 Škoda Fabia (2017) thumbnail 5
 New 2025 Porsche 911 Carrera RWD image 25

* * *

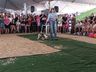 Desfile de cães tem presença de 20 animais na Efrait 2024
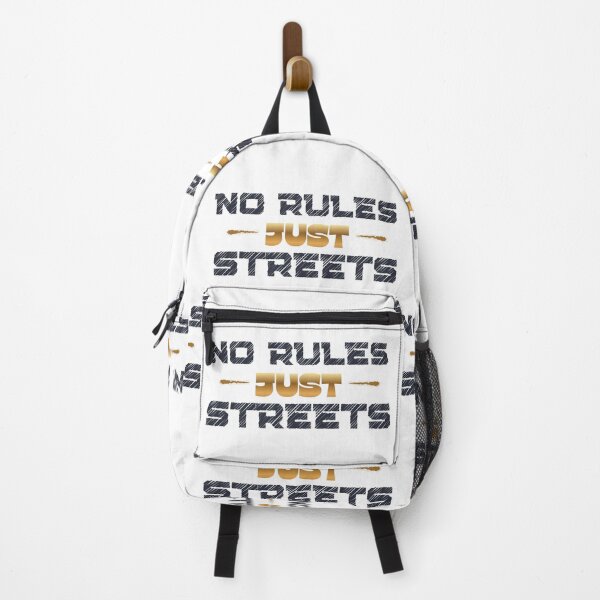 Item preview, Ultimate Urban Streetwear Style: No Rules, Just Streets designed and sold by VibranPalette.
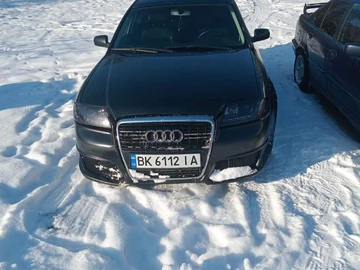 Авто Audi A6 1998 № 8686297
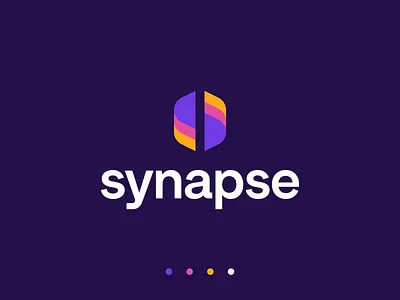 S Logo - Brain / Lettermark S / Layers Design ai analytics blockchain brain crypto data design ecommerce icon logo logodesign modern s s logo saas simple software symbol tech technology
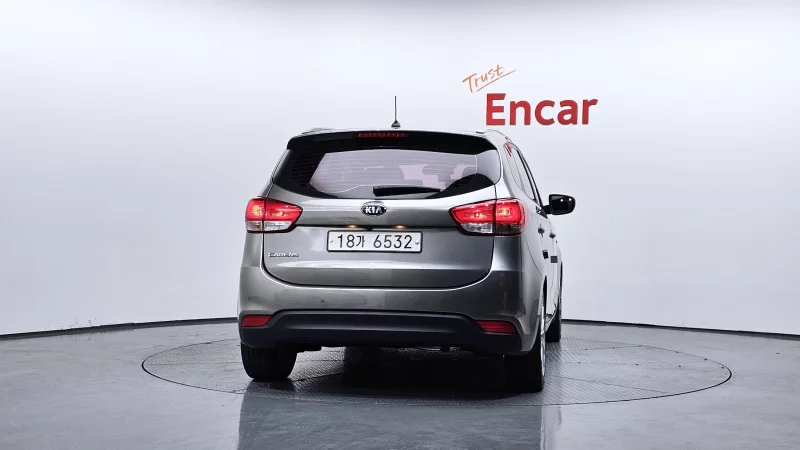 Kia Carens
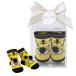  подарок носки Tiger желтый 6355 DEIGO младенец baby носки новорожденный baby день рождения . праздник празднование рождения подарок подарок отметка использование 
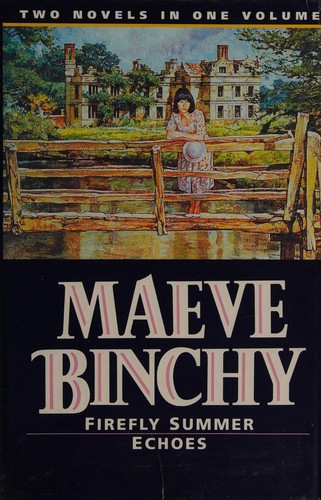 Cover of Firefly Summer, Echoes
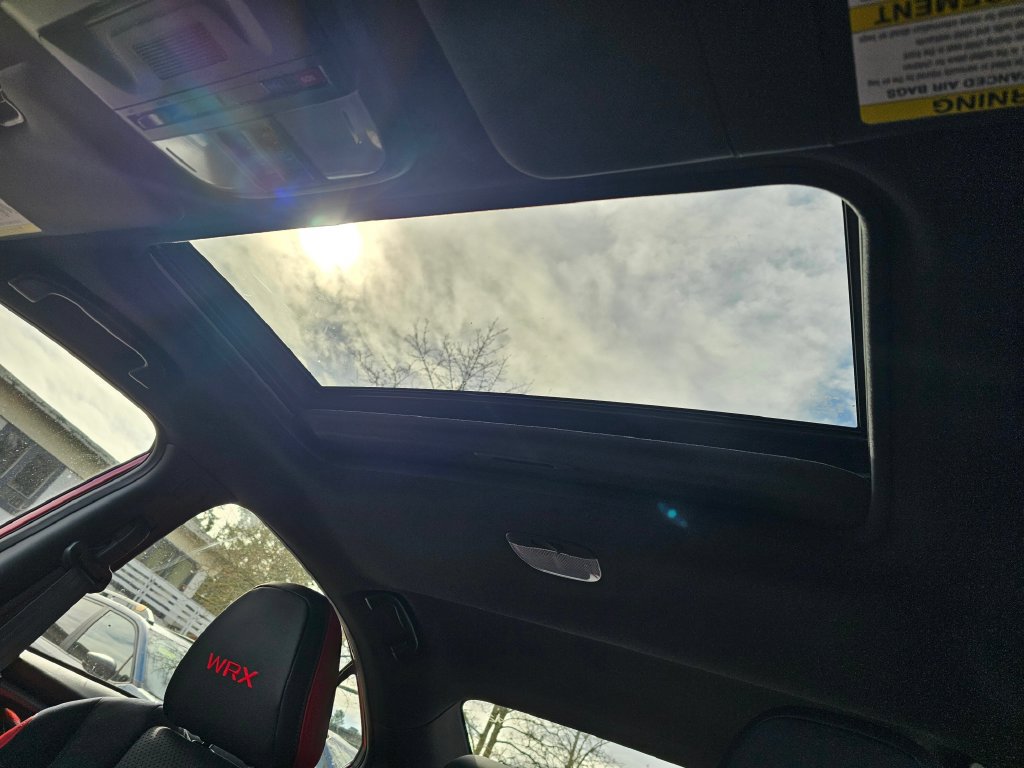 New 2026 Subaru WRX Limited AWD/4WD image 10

_About this task:_
Return, exactly as they stand, the lines above from the one with "Авто Audi A6 1998 № 8686297" to the one with "New 2026 Subaru WRX Limited AWD/4WD image 10", omitting any pictures among them.

_Task output:_
 Авто Audi A6 1998 № 8686297
 S Logo - Brain / Lettermark S / Layers Design ai analytics blockchain brain crypto data design ecommerce icon logo logodesign modern s s logo saas simple software symbol tech technology
 Kia Carens
  подарок носки Tiger желтый 6355 DEIGO младенец baby носки новорожденный baby день рождения . праздник празднование рождения подарок подарок отметка использование 
 Cover of Firefly Summer, Echoes
 New 2026 Subaru WRX Limited AWD/4WD image 10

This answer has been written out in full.